> _What the exercise asks_: Exclude every picture and return the remaining entries below verbatim.

■ ■ ■ ■ ■

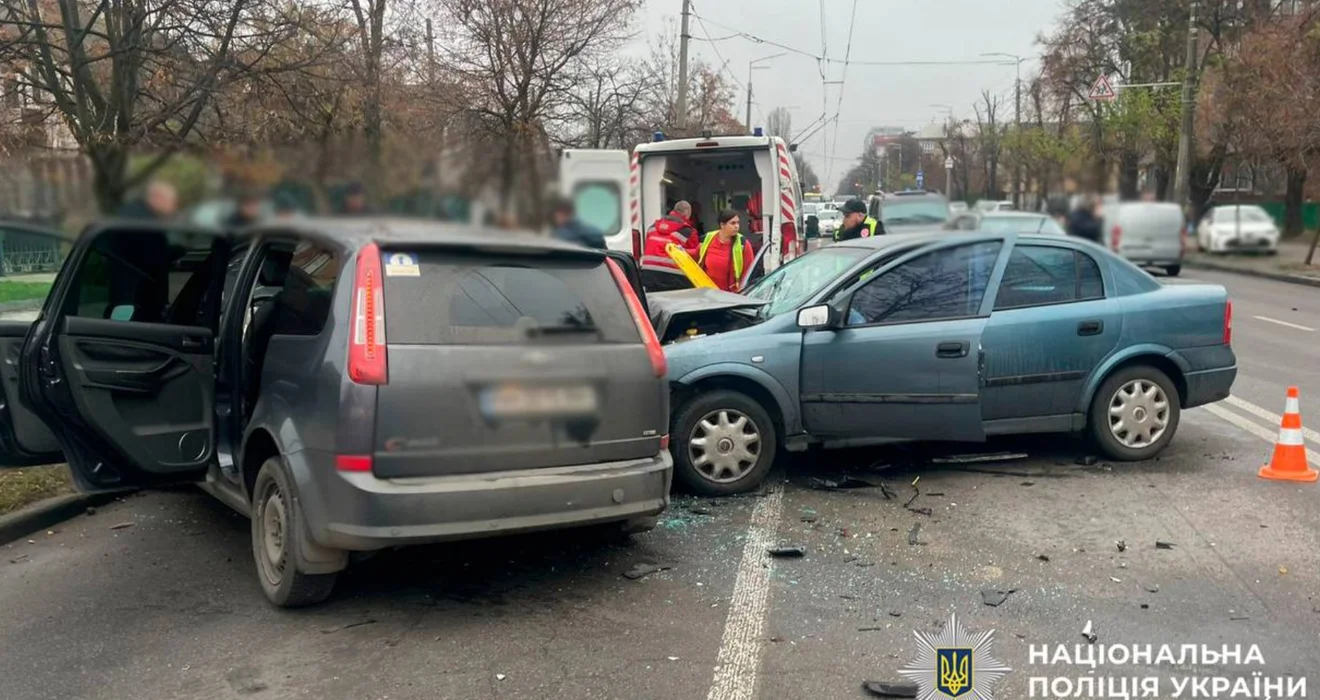 Потрійна аварія у Києві: рух перекрито, двоє людей у тяжкому стані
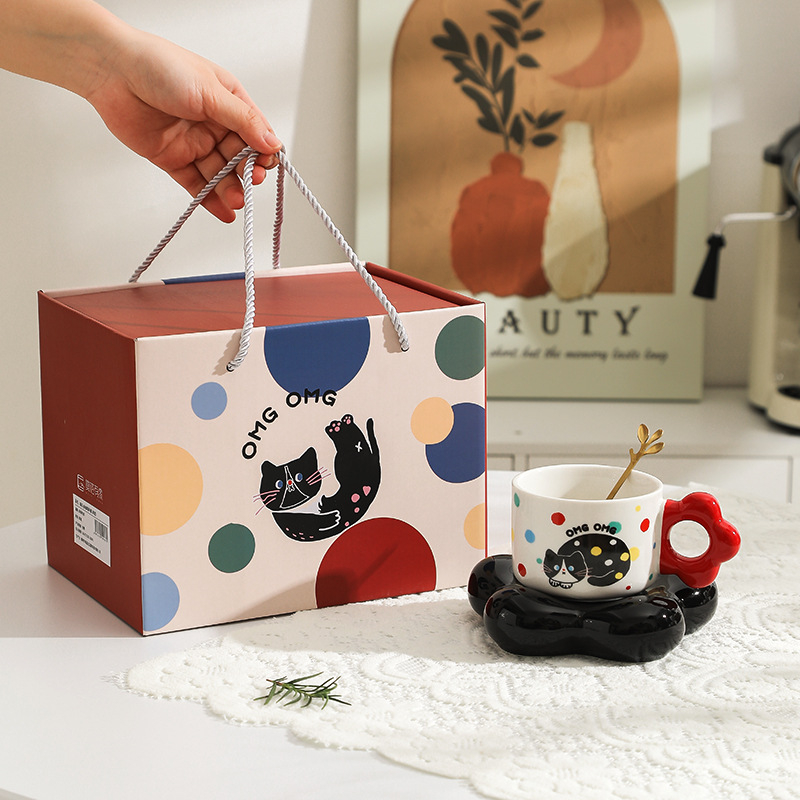 Комплект керамични съдове за хранене за двойки: мил стил; Материал: керамика; Бранд: A home with character; Персонализация: възможна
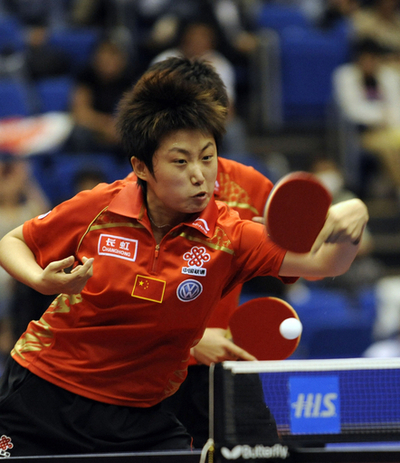 郭躍／李暁霞組 女子ダブルス制す、世界卓球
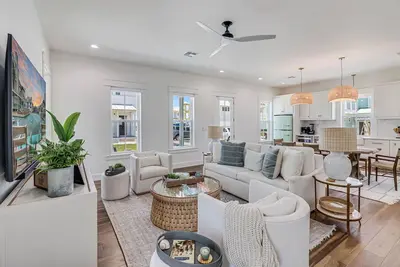 Image de Cottage w/ Cool Coastal Vibe, Great Amenities at Cinnamon Shore South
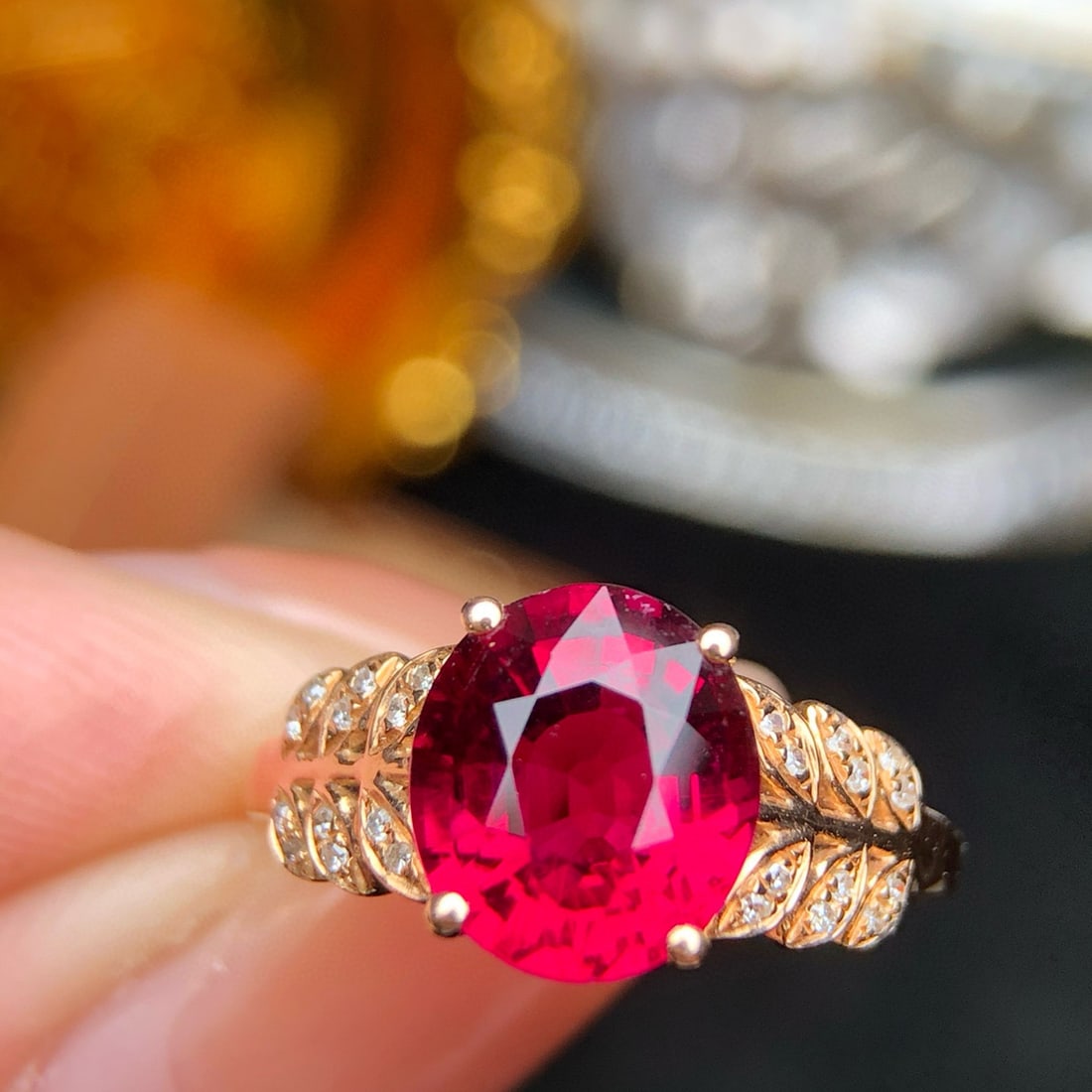 14k Gold 2.43 Ct Natural Tourmaline & Diamond Ring: Ref:231064427 // gold content:14k gold // ring size:7. 25us // // main gemstone:tourmaline // shape:oval // carat weight:2. 43ct // color:red // treatment:natural // // adjacent gemstone 2 : diamond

■ ■ ■ ■ ■

> _Answer section_:
 Потрійна аварія у Києві: рух перекрито, двоє людей у тяжкому стані
 Комплект керамични съдове за хранене за двойки: мил стил; Материал: керамика; Бранд: A home with character; Персонализация: възможна
 郭躍／李暁霞組 女子ダブルス制す、世界卓球
 Image de Cottage w/ Cool Coastal Vibe, Great Amenities at Cinnamon Shore South
 14k Gold 2.43 Ct Natural Tourmaline & Diamond Ring: Ref:231064427 // gold content:14k gold // ring size:7. 25us // // main gemstone:tourmaline // shape:oval // carat weight:2. 43ct // color:red // treatment:natural // // adjacent gemstone 2 : diamond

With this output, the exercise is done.